The required output is the stretch from the line containing "Topographic Map of" through the line containing "Mast & Harbour" in the records below, unaltered and with no pictures.

──────── RECORDS FOR THE EXERCISE ────────

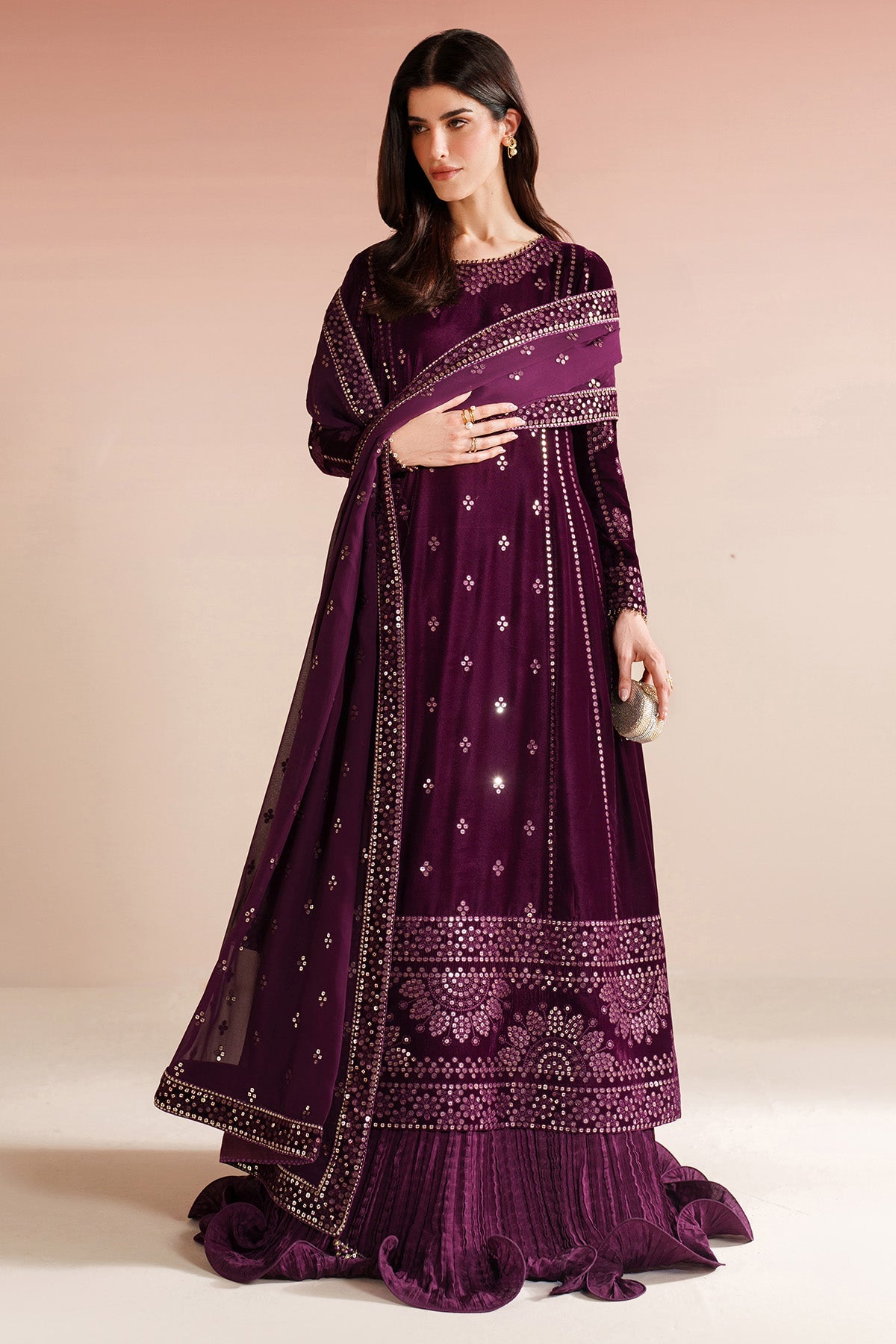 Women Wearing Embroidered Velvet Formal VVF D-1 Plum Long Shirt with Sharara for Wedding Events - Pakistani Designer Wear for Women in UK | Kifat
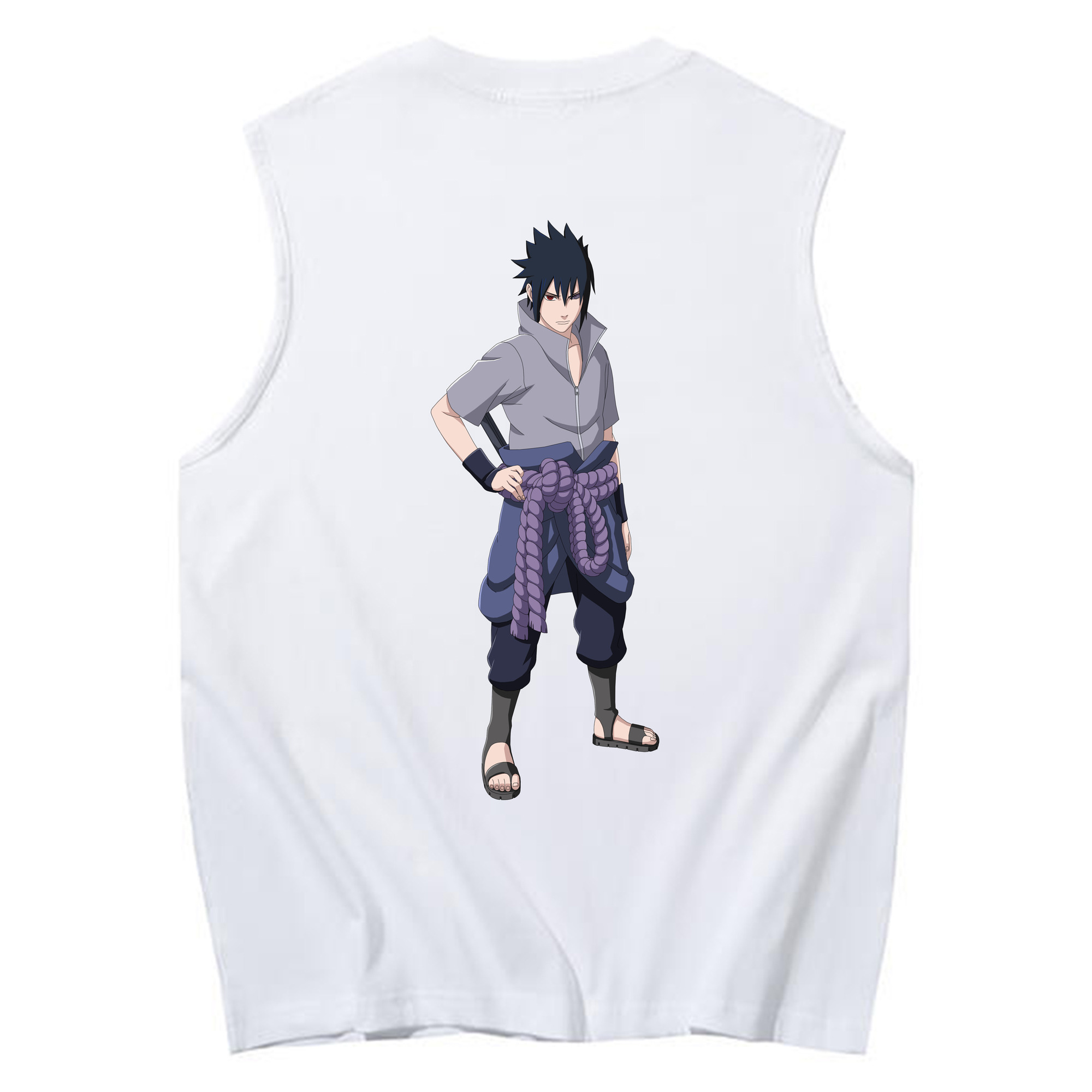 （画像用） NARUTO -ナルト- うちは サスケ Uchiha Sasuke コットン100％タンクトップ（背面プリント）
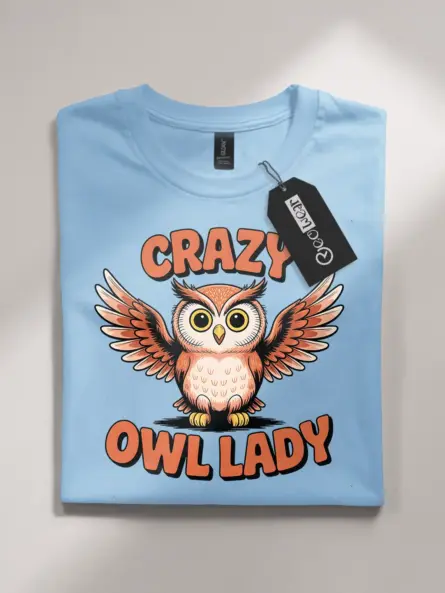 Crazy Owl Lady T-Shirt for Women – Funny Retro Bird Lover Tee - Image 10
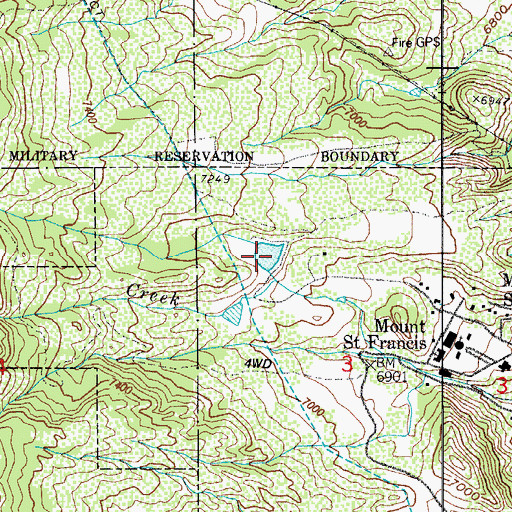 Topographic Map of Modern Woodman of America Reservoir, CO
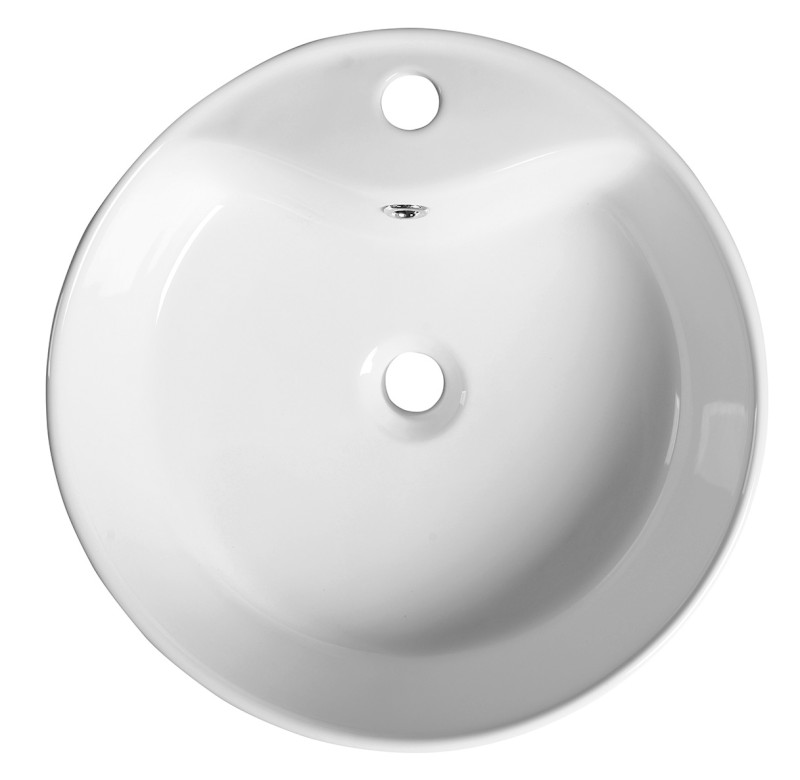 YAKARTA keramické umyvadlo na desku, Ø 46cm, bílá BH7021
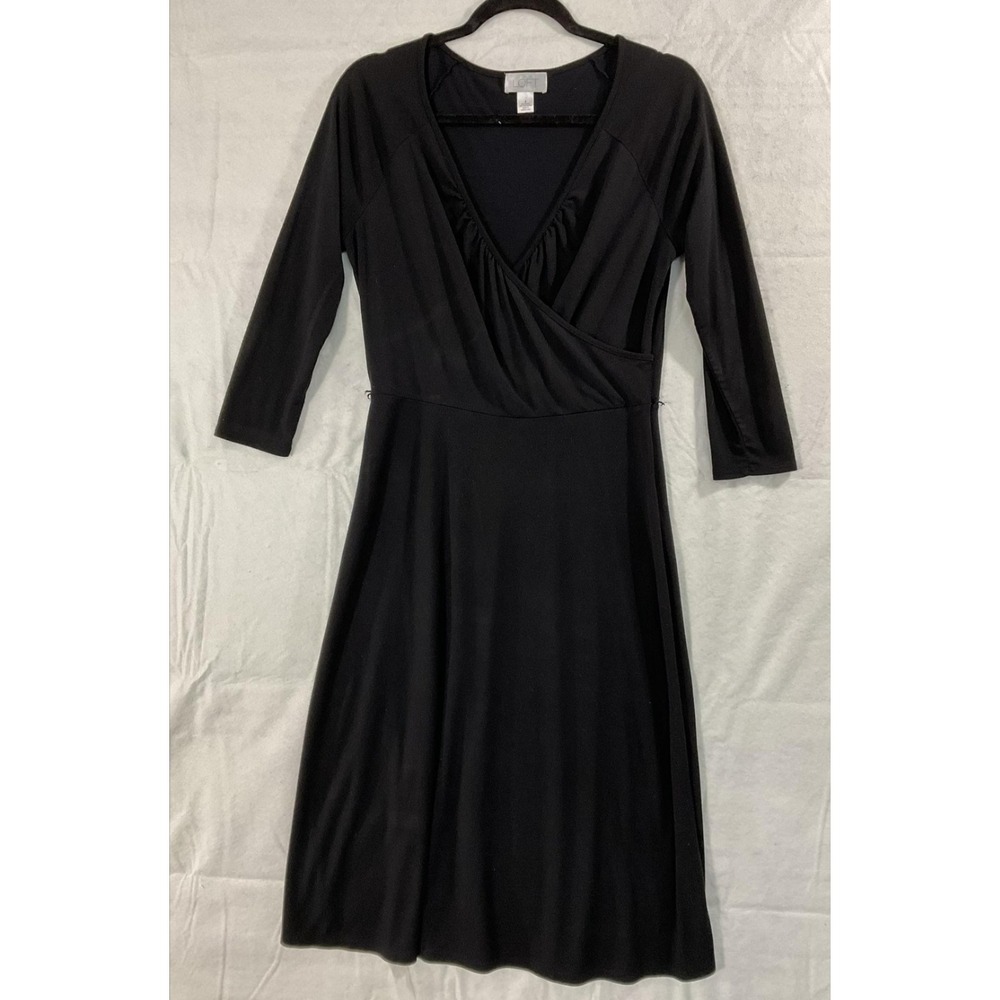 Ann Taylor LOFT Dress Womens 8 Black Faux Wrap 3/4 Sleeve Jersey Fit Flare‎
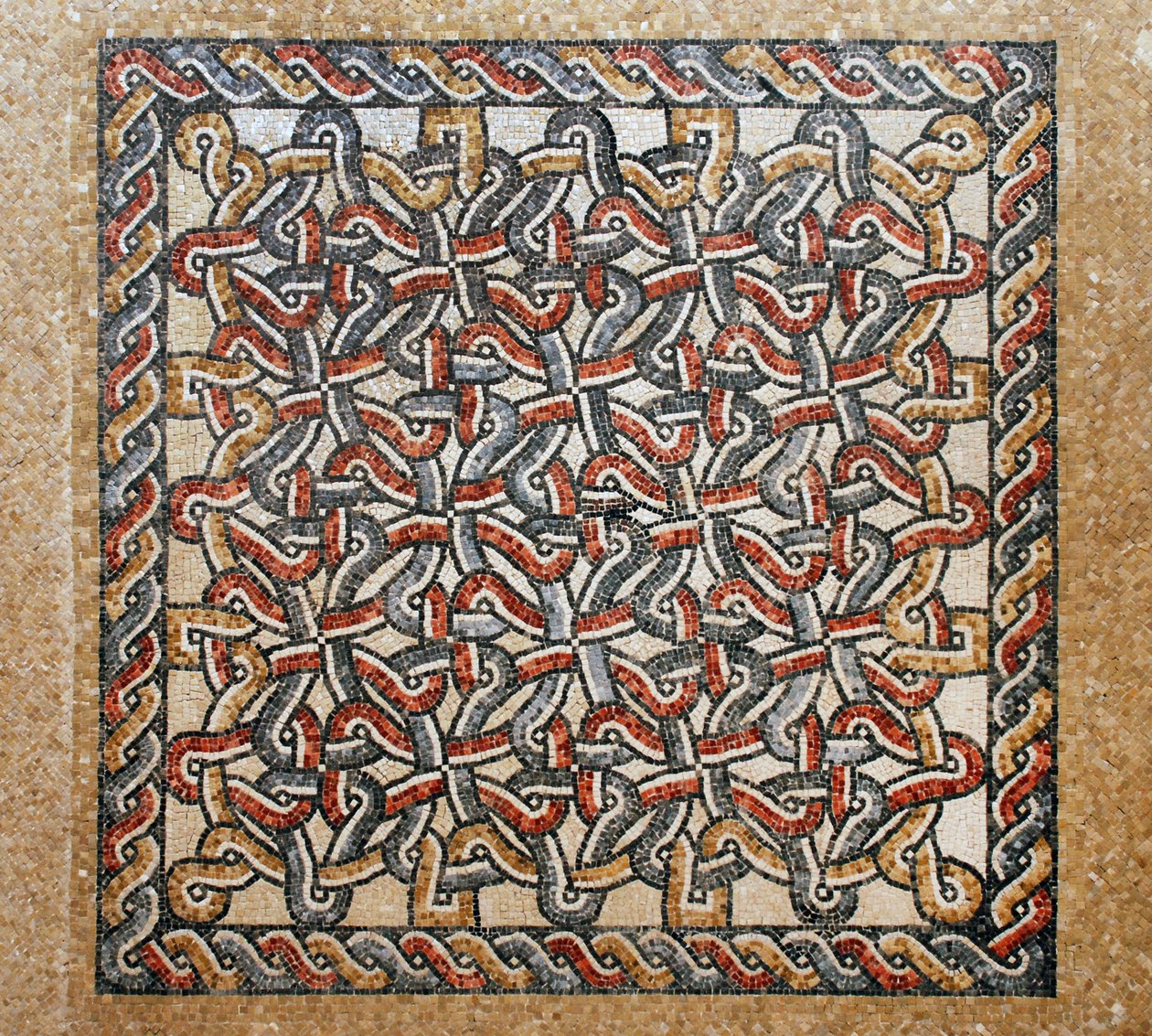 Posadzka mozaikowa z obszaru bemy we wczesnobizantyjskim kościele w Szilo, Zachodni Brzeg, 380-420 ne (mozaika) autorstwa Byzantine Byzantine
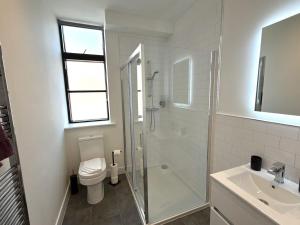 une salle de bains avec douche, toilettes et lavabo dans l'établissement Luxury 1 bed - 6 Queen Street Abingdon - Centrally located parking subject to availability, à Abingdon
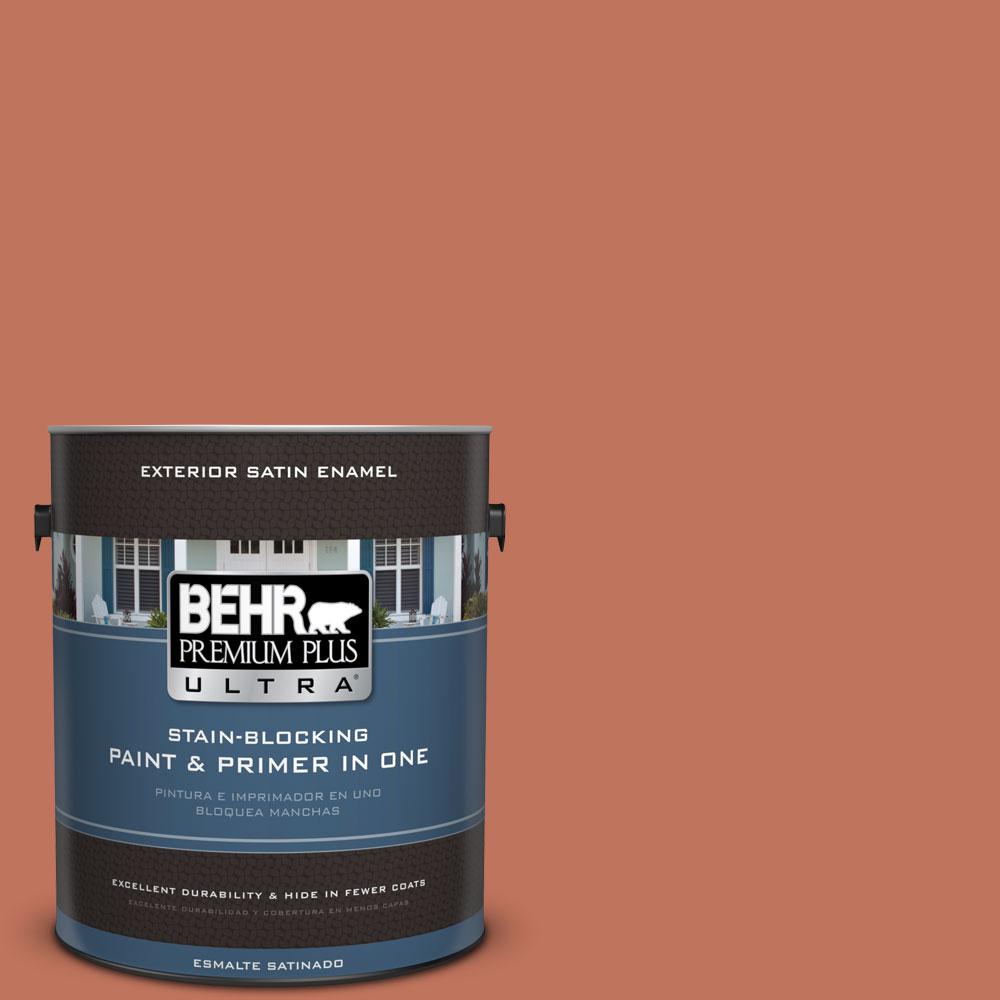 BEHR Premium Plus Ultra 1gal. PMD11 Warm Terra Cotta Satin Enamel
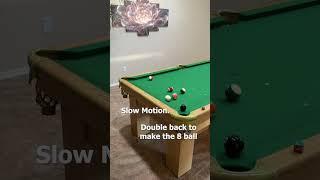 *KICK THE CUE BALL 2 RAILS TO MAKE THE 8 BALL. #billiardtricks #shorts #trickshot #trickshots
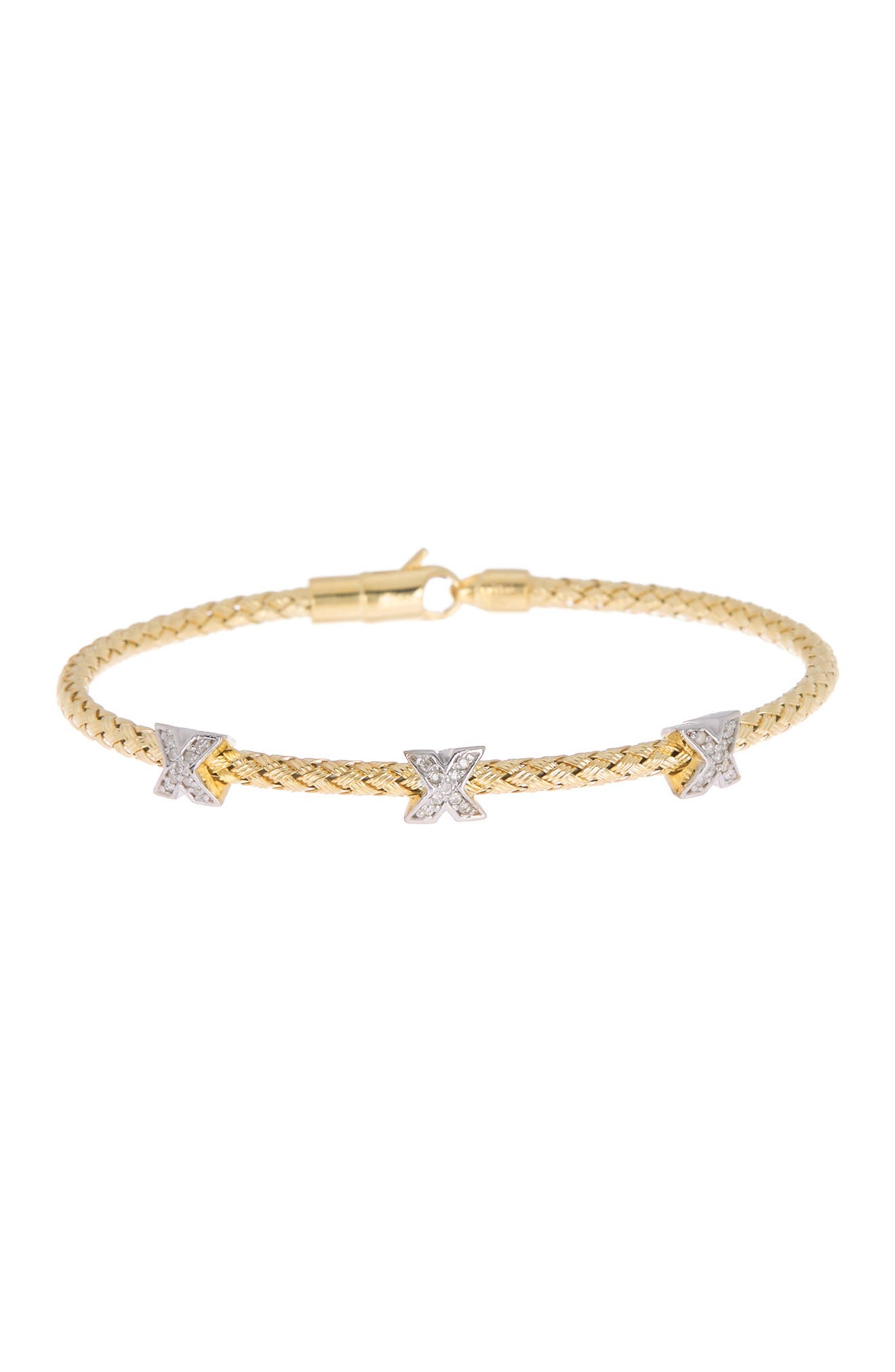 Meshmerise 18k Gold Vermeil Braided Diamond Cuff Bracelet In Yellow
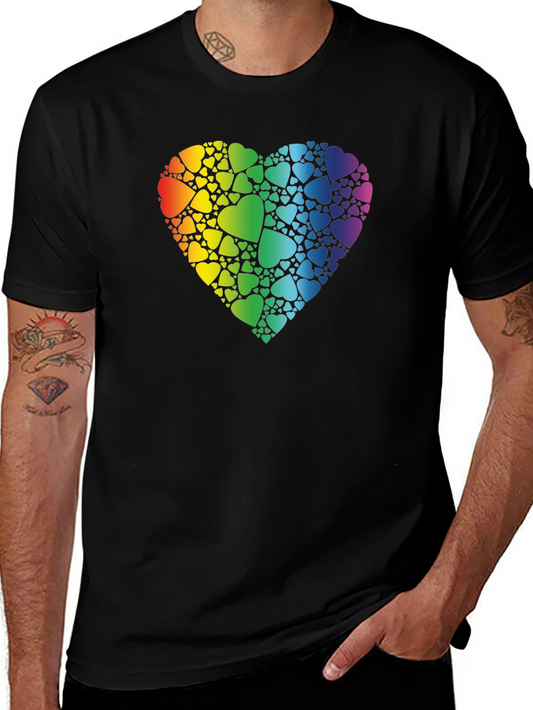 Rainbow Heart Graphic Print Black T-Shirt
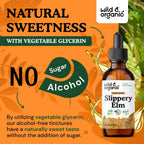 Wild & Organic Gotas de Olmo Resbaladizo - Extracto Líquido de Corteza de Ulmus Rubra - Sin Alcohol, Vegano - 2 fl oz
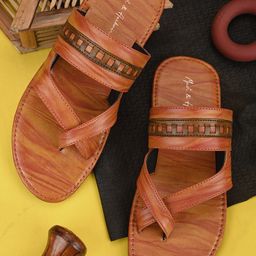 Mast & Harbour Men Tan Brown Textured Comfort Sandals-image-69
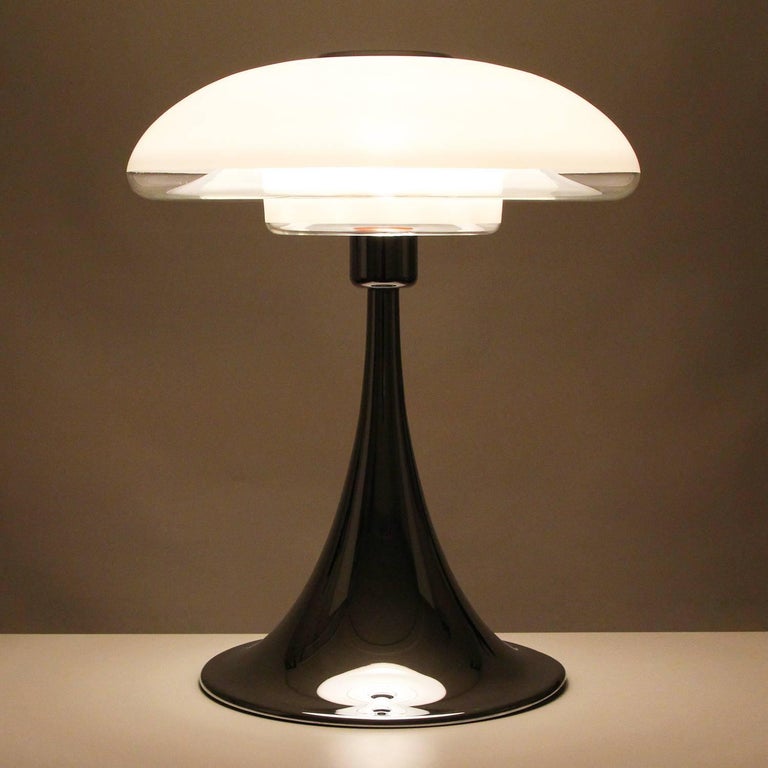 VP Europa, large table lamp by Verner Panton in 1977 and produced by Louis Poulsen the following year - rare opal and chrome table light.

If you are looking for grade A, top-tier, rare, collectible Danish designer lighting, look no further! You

────────

■ **WORKED SOLUTION**:
 Topographic Map of Modern Woodman of America Reservoir, CO
 YAKARTA keramické umyvadlo na desku, Ø 46cm, bílá BH7021
 Ann Taylor LOFT Dress Womens 8 Black Faux Wrap 3/4 Sleeve Jersey Fit Flare‎
 Posadzka mozaikowa z obszaru bemy we wczesnobizantyjskim kościele w Szilo, Zachodni Brzeg, 380-420 ne (mozaika) autorstwa Byzantine Byzantine
 une salle de bains avec douche, toilettes et lavabo dans l'établissement Luxury 1 bed - 6 Queen Street Abingdon - Centrally located parking subject to availability, à Abingdon
 BEHR Premium Plus Ultra 1gal. PMD11 Warm Terra Cotta Satin Enamel
 *KICK THE CUE BALL 2 RAILS TO MAKE THE 8 BALL. #billiardtricks #shorts #trickshot #trickshots
 Meshmerise 18k Gold Vermeil Braided Diamond Cuff Bracelet In Yellow
 Rainbow Heart Graphic Print Black T-Shirt
 Wild & Organic Gotas de Olmo Resbaladizo - Extracto Líquido de Corteza de Ulmus Rubra - Sin Alcohol, Vegano - 2 fl oz
 Mast & Harbour Men Tan Brown Textured Comfort Sandals-image-69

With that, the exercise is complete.